Hilbert era un hijo de su tiempo, no queda la menor duda. Quería hacer que todo el conocimiento científico fuera derivado de axiomas elementales mediante «un número finito de pasos lógicos». Su ideal era una extensión de su sueño particular en las matemáticas, el llamado programa de Hilbert: fundamentar todas las teorías matemáticas en conjuntos finitos de axiomas que fueran completos y consistentes. A tal extremo consideraba importante Hilbert su labor que el epitafio en su tumba reza en alemán:

Debemos conocer,
conoceremos.

Hilbert epitafio.jpg

Era una respuesta a la máxima latina ignoramus et ignorabimus —«no conocemos y no conoceremos»—, que en 1880 usara el fisiólogo alemán Emil du Bois-Reymond en un discurso a la Academia Prusa de Ciencias en el cual planteó que había preguntas que ni la ciencia ni la filosofía podían responder.

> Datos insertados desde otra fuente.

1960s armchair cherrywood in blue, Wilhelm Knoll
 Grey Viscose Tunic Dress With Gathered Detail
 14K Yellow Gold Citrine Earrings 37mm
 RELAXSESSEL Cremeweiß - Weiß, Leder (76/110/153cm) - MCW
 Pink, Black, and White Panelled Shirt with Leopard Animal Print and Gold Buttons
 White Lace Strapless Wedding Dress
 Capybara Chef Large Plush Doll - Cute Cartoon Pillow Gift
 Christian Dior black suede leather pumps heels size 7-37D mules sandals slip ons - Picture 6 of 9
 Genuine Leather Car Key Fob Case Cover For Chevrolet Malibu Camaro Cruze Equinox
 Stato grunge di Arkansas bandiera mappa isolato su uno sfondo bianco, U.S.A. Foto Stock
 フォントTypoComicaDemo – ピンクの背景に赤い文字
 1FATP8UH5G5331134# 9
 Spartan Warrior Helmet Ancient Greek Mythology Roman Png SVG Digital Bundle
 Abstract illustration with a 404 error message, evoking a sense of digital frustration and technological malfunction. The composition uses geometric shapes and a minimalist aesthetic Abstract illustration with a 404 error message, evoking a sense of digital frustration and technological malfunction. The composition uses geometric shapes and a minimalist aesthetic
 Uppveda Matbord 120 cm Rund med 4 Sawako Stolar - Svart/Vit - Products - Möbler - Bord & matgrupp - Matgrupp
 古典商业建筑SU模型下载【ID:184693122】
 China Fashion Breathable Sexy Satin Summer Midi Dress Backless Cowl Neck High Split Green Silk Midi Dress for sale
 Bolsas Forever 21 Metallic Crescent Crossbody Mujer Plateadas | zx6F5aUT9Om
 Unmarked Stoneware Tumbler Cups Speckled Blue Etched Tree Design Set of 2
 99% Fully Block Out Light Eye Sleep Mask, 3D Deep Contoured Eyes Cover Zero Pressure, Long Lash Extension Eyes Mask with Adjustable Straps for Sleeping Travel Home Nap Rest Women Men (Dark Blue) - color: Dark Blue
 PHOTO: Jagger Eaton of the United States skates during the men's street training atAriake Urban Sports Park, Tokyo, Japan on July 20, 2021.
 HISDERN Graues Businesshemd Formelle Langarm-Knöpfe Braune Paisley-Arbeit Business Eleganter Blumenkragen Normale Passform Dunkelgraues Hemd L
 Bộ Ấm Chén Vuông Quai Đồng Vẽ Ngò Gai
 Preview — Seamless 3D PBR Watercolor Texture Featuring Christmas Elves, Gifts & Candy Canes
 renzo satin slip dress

Mirando las cosas desde la perspectiva de la época, desde lo que C. S. Lewis llamara «el clima de opinión», era entendible la aspiración de Hilbert. No habían acontecido las dos guerras mundiales; no se había usado la ciencia para crear armas biológicas; no se sabía que el siglo veinte sería el más violento de la historia, más que todos los anteriores juntos; el progreso y la industrialización no habían producido problemas ambientales detectables; la izquierda extrema no había producido su Gulag y la derecha extrema no había tenido su Auschwitz.

Todas las cosas anteriormente mencionadas (y otras más) derribaron el ideal moderno como la piedra en la visión del profeta Daniel derribara al ídolo con pies de barro. En todas ellas el problema fue uno solo: el ser humano. Es imposible hacer del hombre un superhombre. La muy iluminada modernidad, enceguecida por su orgullo, falló en ver lo que todas las religiones, incluso las falsas y las más primitivas, han visto: que es mucha la maldad del hombre y su pensamiento de continuo es solamente el mal, que todo en el ser humano es infección y podrida llaga, que el corazón del hombre es engañoso y perverso más que todas las cosas; en fin, que el problema del hombre no es otro que el mismo hombre.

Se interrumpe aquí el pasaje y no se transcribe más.